Mirar al mundo con los ojos de Alice Munro debede ser fascinante. Pensar el mundo con la mirada de esta canadiense, un privilegio reservado para unos elegidos, los mismos que se resisten a caer en la red de las evidencias y que apuestan por calibrar la realidad con la palabra y su ejercicio. Ayer, jueves 10 de octubre, la Academia Sueca decidió otorgar el premio Nobel de literatura a Alice Munro, considerándola «maestra del relato corto», un lema que la ha llevado a ser comparada con Chejov, semejanza que suele repetirse entre otras tantas autoras del género breve, como la neozelandesa Katherine Mansfield. Especie de respuesta natural similar a la celebración que implica que se lo concedan a una mujer, lo que me lleva a pensar, una vez más, sobre lo que queda por edificar dentro de la tradición literaria, rasgo, el aplauso a su condición de mujer, de una sociedad faloliteraria que discrimina a las escritoras porque se las trata como a un grupo carente de individualidades. Ya se sabe, el varón escribe para la condición humana, la mujer para otras como ella. Suerte de mito de Sísifo de la práctica literaria. En la escena nacional, las editoriales Lumen y RBA -primordialmente la primera que ha apostado de forma descarada por el talento de Munro-, sin olvidarme de Debolsillo, están de enhorabuena. En el presente año, Lumen ha publicado Mi vida querida, una colección de relatos cortos que junto con el resto de títulos disponibles en el catálogo de la editorial, Demasiada felicidad (2010) y la novela La vida de las mujeres (2011), sirve de reflejo perfecto de la poética de Alice Munro, una de las autoras de obra más audaces y original. Su trayectoria narrativa se inicia desde el ámbito privado -el doméstico, el íntimo- para abrazar, como un imparable torbellino de ideas que todo arrastra, lo político; en cierto modo, ese querer alcanzar desde lo ínfimo, el mismo mundo, desde un aliento literario apenas provisto de bagajes y tempestades, recuerda a lo que las integrantes de la narrativa contemporánea de la concienciación, en su mayoría autoras europeas como Christa Wolf o Doris Lessing, promulgaban y defendían: «Nada es sólo personal».
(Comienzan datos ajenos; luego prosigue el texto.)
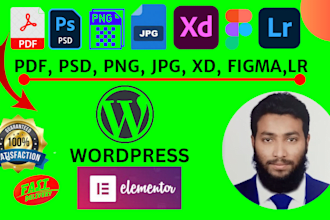 convert your PDF, PSD, png, jpg, xd, or figma file to a wordpress website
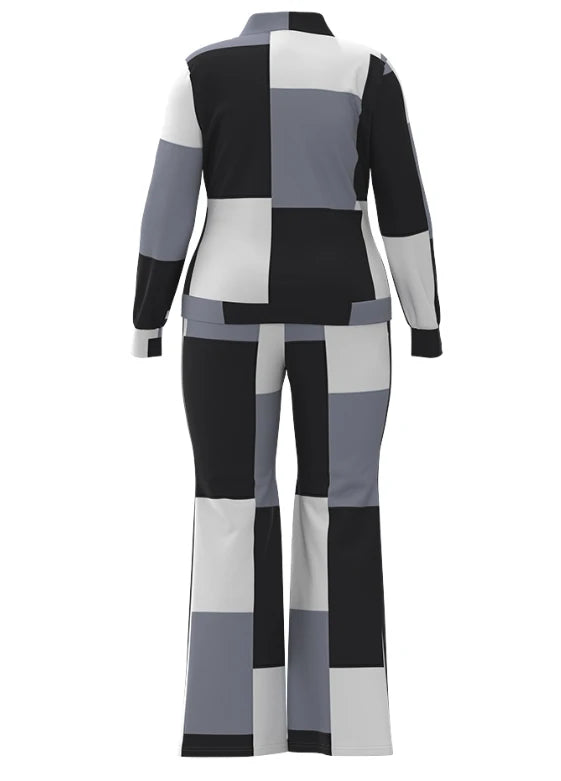 Two Piece Set Women Outfit 2023 Autumn Fashion Geometric Print Stand Collar Long Sleeve Zip Up Top & Casual Sporty Pants Set Quick Pick Grocers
Ese aliento ha ido creciendo gracias a una forma única de entender al ser humano, manera que la ha llevado a auscultar las relaciones interpersonales con tal precisión y contundencia que ha cautivado a miles de lectores sedientos de honestidad literaria. Con una sensibilidad medida, a ratos huidiza, pero siempre distanciada de un maniqueísmo absurdo que sólo adocena, Munro ofrece una visión del mundo desde la periferia y la fragilidad. Desde el instante que precede a la fractura. Conceptos que hacen de su narrativa una experiencia lectora fascinante, singular. Justo como la vida, a la que la autora se entregó hace tiempo para, justamente, vivir y escribir. O escribir y vivir. ¿Acaso hay diferencia?